Later, O’Malley was the main attraction at a Manchester fundraiser for Democratic mayoral candidate Joyce Craig. O’Malley finished the evening by keynoting a gathering of Salem Democrats.

O’Malley’s New Hampshire visit isn’t far from the norm for him lately. He’s been crisscrossing the country, helping Democrats running in off-year elections. He highlighted this week’s special election victory by Annette Taddeo in Florida, who was elected the Sunshine State’s first Latina Democrat in the state senate. O’Malley was recently in Florida to help Taddeo. He also touted Cavanaugh’s victory, as well as Tuesday’s state House special election where Democrat Kari Lerner edged out former GOP state representative James Headd by 39 votes in Sandown, Chester and Auburn, a district that President Donald Trump carried by more than 20 percent last November.

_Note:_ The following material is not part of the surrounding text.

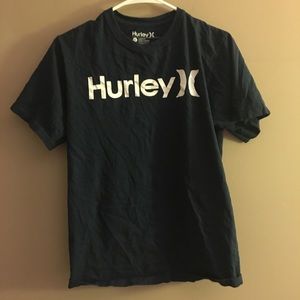 Hurley tee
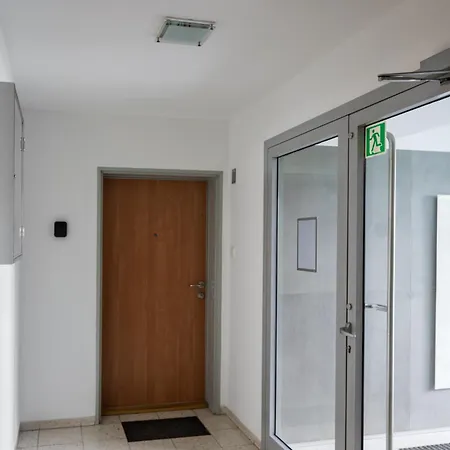 Kabacki Comfy Apartment Warsaw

“We’ve got 36 governor’s races up all across the country. Governors, state legislatures, critically important offices,” O’Malley explained.

And he took aim at his own party, charging that national Democratic leaders didn’t put enough energy and resources into winning state races.

“Sadly, as Democrats over the last eight years, we’ve kind of stopped acting like a party. We took our eye off the ball,” O’Malley said.

But he forecast a new era for the party, saying “I believe that we are rebuilding in a way that is much more distributed, much more grassroots, much more up-from-cities and -towns and -counties than the Democratic Party of old. And that’s going to be good for our whole country.”

O’Malley said Trump’s actions are motivating Democrats.

“I believe that people all across our country realize that we need to bring America back to a much more even keel, that the extremism of Trumpism is not good for our country. And I think you’re going to see that energize Democratic races and victories across the country,” he said.

The Trump presidency is also fueling the most visits to New Hampshire in the year after a presidential election in a dozen years. Former Missouri secretary of state and 2016 U.S. Senate candidate Jason Kander, who now leads the voting rights group Let America Vote, has made five trips to the Granite State this year, with three this month alone.

Also trekking to the land of the first-in-the-nation primary so far this year are such potential 2020 Democratic contenders as former vice president Joe Biden, Sen. Bernie Sanders, Los Angeles Mayor Eric Garcetti, and U.S. Reps. John Delaney of Maryland and Tim Ryan of Ohio.

O’Malley dropped his 2016 bid for the Democratic nomination after a poor third-place finish in the Iowa caucuses, far behind eventual nominee Hillary Clinton and Sanders.

“When I’m asked whether I’ll run again, I say ‘I just might. I very well might,’ ” O’Malley said. “But right now, what I’ve decided is that I’m going to put my energies into helping people that are running in these midterms. In other words, I’ve made an affirmative decision not to make that decision right now.”

What is clear is that making trips to early-voting states like New Hampshire – and campaigning for Democratic candidates here and across the country who are running this year and next – could pay dividends in 2019, when the next presidential nomination primary battle heats up.

When it came to his 2016 longshot campaign, O’Malley said, “I learned a lot every single day.”

But he added that “I have to tell you that, truthfully, it was one of the most frustrating things I’ve ever attempted in my life.”

O’Malley admitted that the mood of the country worked against his 2016 campaign.

“So much about politics is about timing. And in our country the mood of the nation was one of anger, rage and retribution. People in both the Democratic and Republican Party wanted a sledgehammer. They wanted to send a message to their national leaders and wanted to break the table of Democracy, if you will,” he explained.

But O’Malley was optimistic that conditions would be different if he ran again.

“We’re moving into a different time, and I believe that people want to know that their government is actually working and looking for the best interests of their families and their kids,” he said.